38 S.E.2d 637 | Ga. Ct. App. | 1946
1. An action on a claim against a trust estate, for a tort committed by the trustee in the management and operation of the trust fund, if otherwise maintainable, may be brought in a court of law against the resident trustee alone, and the beneficiaries of the trust are not necessary parties to such action. Code, §§ 108-501 et seq.
2. It is the general rule that charitable trust funds may not be depleted by subjection to liability for the negligence of a trustee.
(a) Ordinarily a charitable institution or corporation is not liable for the negligence of its officers and employees unless it fails to exercise ordinary care in their selection or fails to exercise such care in retaining them.
(b) A petition praying for general damages to be satisfied in part from charitable trust funds is demurrable, where it fails to allege that the defendant was negligent in selecting or retaining its employees.
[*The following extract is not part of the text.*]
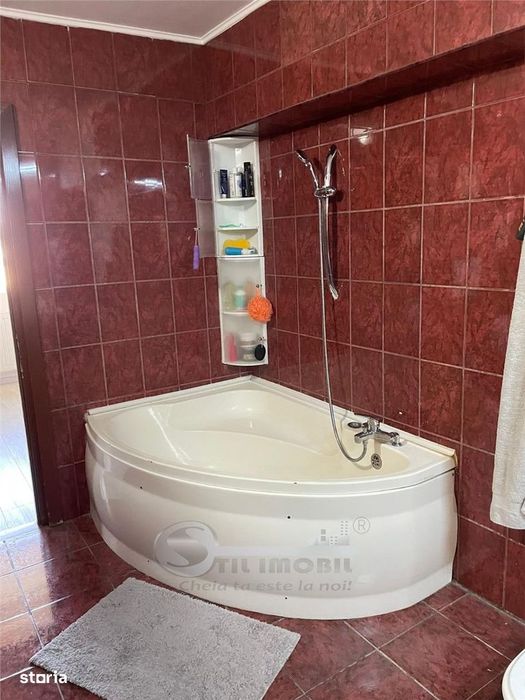 Apartament 100 mp, Bulevardul Nicolina – Rond Vechi, mobilat și utilat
The parties here are in the same positions which they occupied in the trial court, and will be referred to as the plaintiff and the defendant. *858
The plaintiff sued the defendant as "the trustee of the employees' benefit fund of the Summerville Manufacturing Company," for damages from alleged injuries received in drinking impure and adulterated tomato juice, sold and served to the plaintiff by the defendant as such trustee in the operation of a refreshment stand within the manufacturing plant of the company. It was alleged that the funds, and the proceeds therefrom, of the benefit association were used in relieving sickness, sending flowers to the sick or to funerals, providing food and fuel to needy and unfortunate employees, and providing them with entertainment, athletics, and recreation facilities, and that the major portion of the fund was used in making small loans to employees for such times and at such interest rates as the trustee deemed advisable.
Demurrers to the petition were sustained and the action dismissed. Two questions are presented by the ruling on the demurrers to which the plaintiff excepted: First, is the suit maintainable against the defendant as the trustee of the benefit fund, managed and used by him in the operation of the refreshment stand, without including the beneficiaries of the trust as parties defendant? Second, is the action seeking to subject charitable trust funds to liability for the alleged negligence of the trustee maintainable without allegations that the owners of the fund were negligent either in selecting or in retaining as their employee the trustee engaged in managing and operating the fund? These are the only issues presented by the record before this court.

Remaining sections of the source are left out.